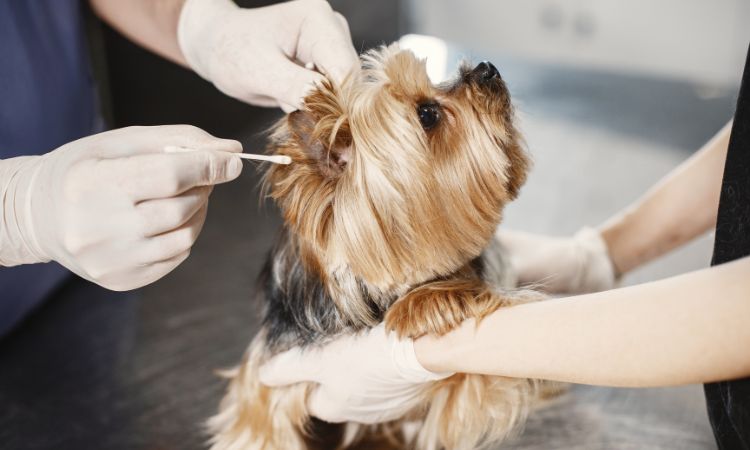 Descubre las 10 actividades que hace un veterinario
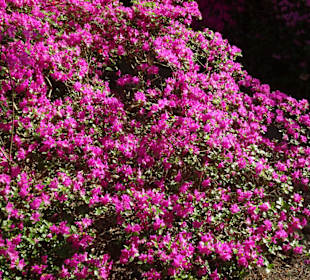 Hauptblüte im Rhododendronpark Bremen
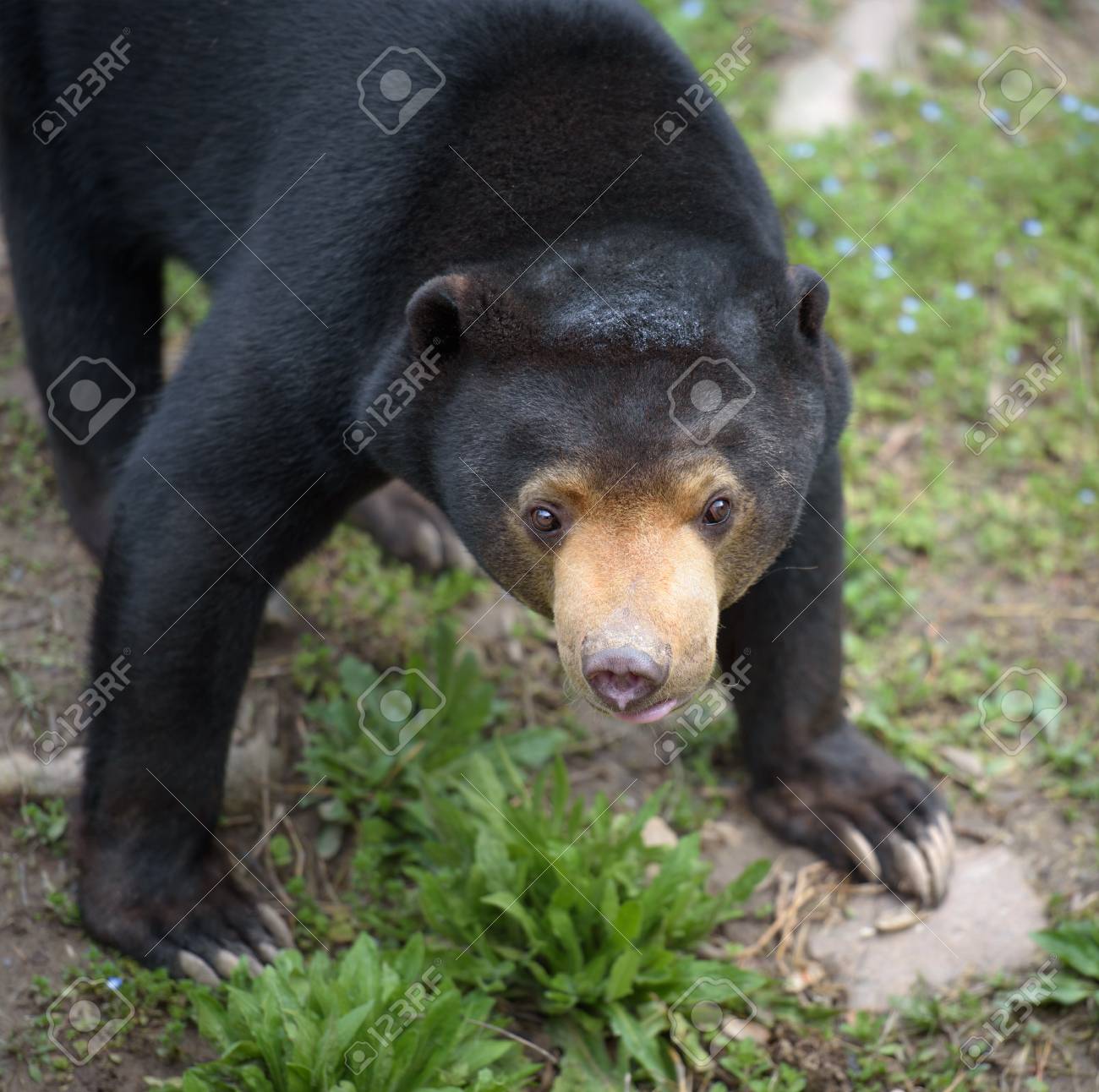 etiam-dictum-ipsum-a-felis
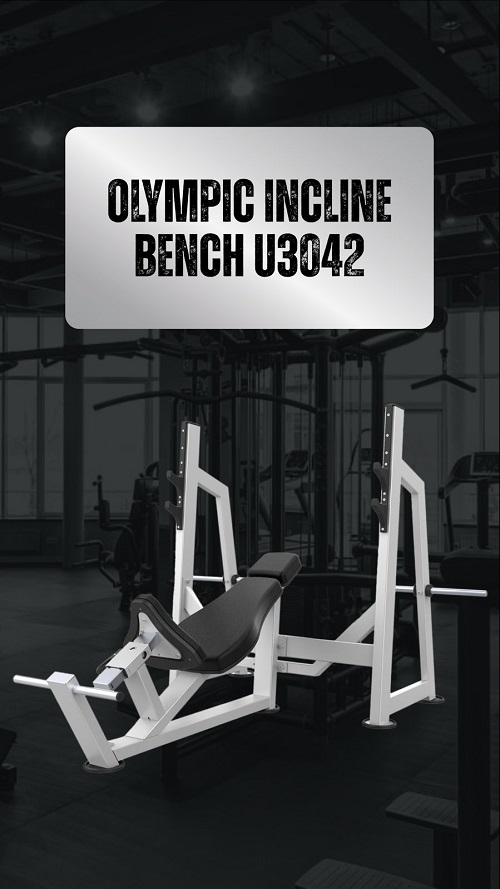 Olympic Incline Bench U3042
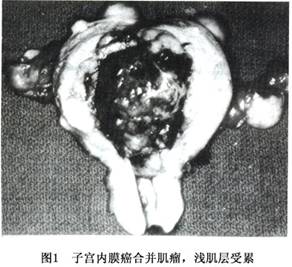 20100403111858262.jpg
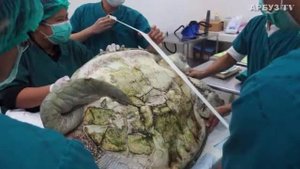 ПРИ ВСКРЫТИИ ЧЕРЕПАХИ,внутри ветеринары обнаружили.!.!.ЖЕСТЬ!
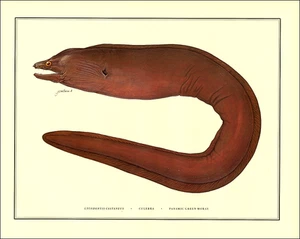 Impresión Vintage 1985 Panamic Green Moray EEL Pez El Salvador Pesca Vida Silvestre Mar - Imagen 1 de 3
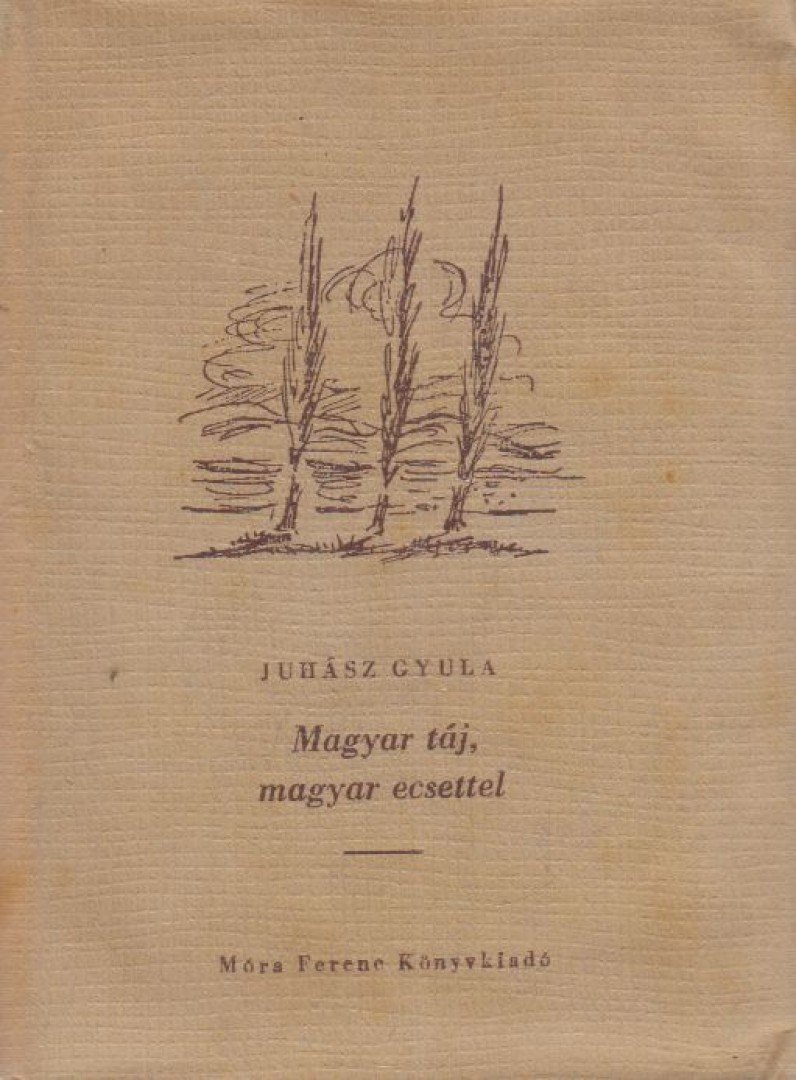 JUHÁSZ GYULA - Magyar táj, magyar ecsettel [antikvár]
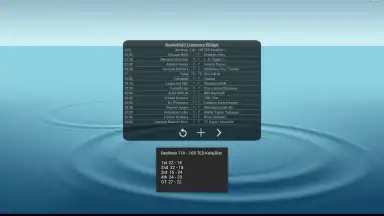 Screenshot von Basketball Livescore Widget 5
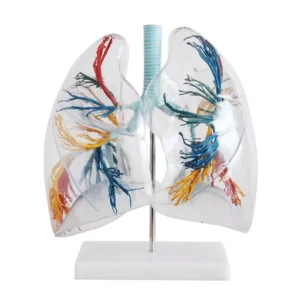 A-ONE SCIENCE Multicolor PVC Transperant Lung Segment Model AOSBM93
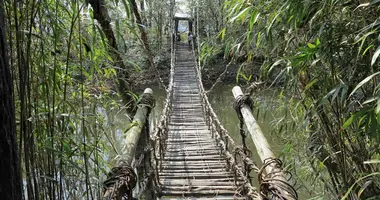 Japan Visitor - shikoku-mura-1.jpg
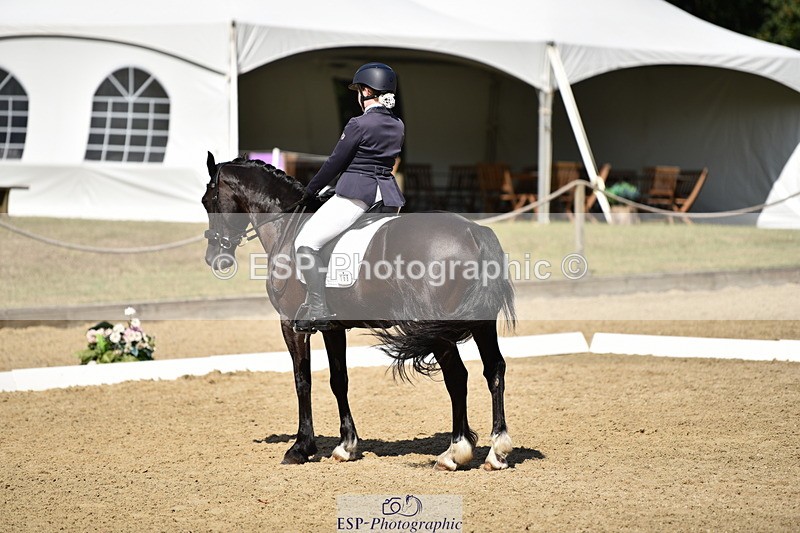 140110A-050048-12350 - 168-Samantha.Pring-Tongwynlais.Moon.Dancer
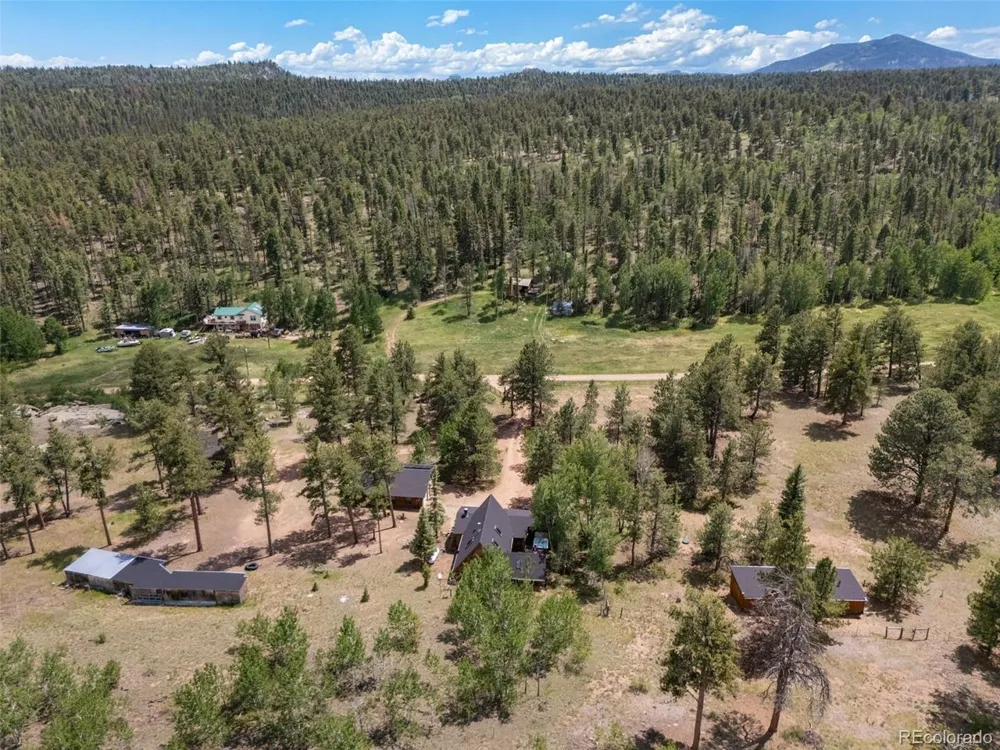 215 S Valley Drive Lake George, CO 80827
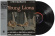 The Young Lions - The Young Lions The Young Lions - The Young Lions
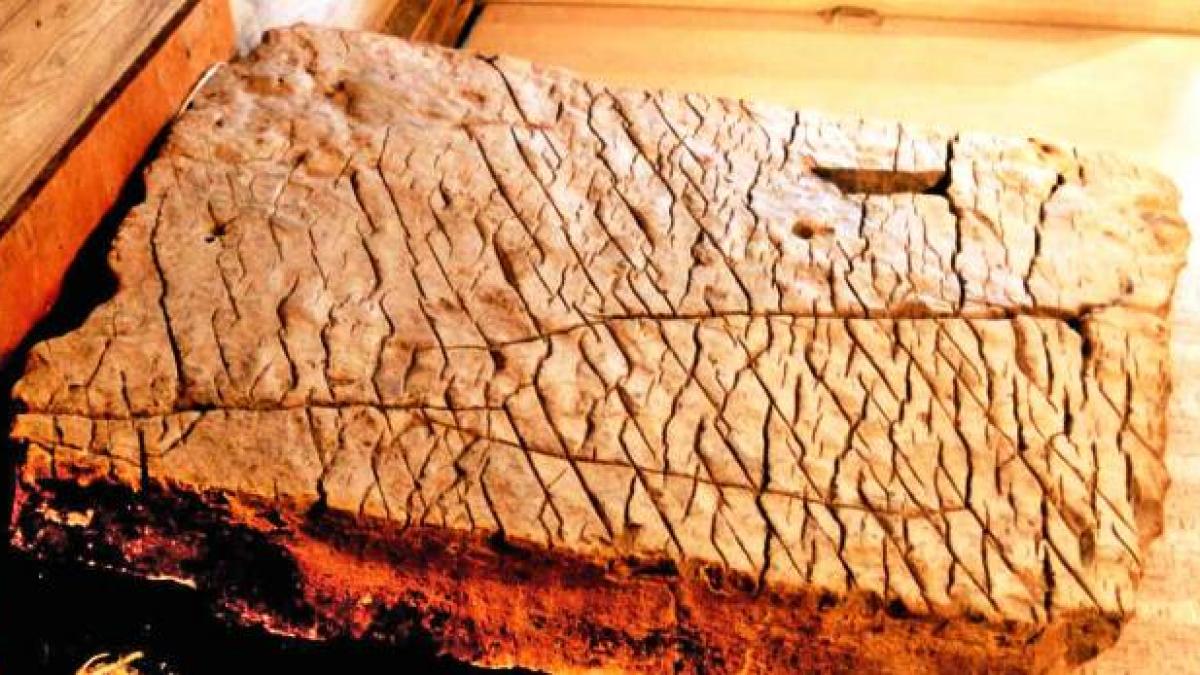 descoperirea care schimba timpul si istoria omenirii harta creatorului arata cum a aparut viata pe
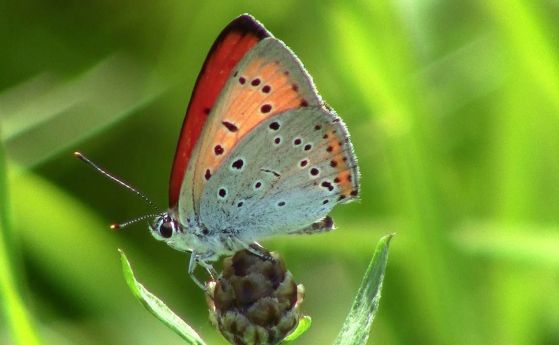 Повече азот от торове и фосилни горива може да означава по-малко пеперуди (видео)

Problem to solve
Output the material above exactly as written and drop any images it holds.

Task solution
 Descubre las 10 actividades que hace un veterinario
 Hauptblüte im Rhododendronpark Bremen
 etiam-dictum-ipsum-a-felis
 Olympic Incline Bench U3042
 20100403111858262.jpg
 ПРИ ВСКРЫТИИ ЧЕРЕПАХИ,внутри ветеринары обнаружили.!.!.ЖЕСТЬ!
 Impresión Vintage 1985 Panamic Green Moray EEL Pez El Salvador Pesca Vida Silvestre Mar - Imagen 1 de 3
 JUHÁSZ GYULA - Magyar táj, magyar ecsettel [antikvár]
 Screenshot von Basketball Livescore Widget 5
 A-ONE SCIENCE Multicolor PVC Transperant Lung Segment Model AOSBM93
 Japan Visitor - shikoku-mura-1.jpg
 140110A-050048-12350 - 168-Samantha.Pring-Tongwynlais.Moon.Dancer
 215 S Valley Drive Lake George, CO 80827
 The Young Lions - The Young Lions The Young Lions - The Young Lions
 descoperirea care schimba timpul si istoria omenirii harta creatorului arata cum a aparut viata pe
 Повече азот от торове и фосилни горива може да означава по-малко пеперуди (видео)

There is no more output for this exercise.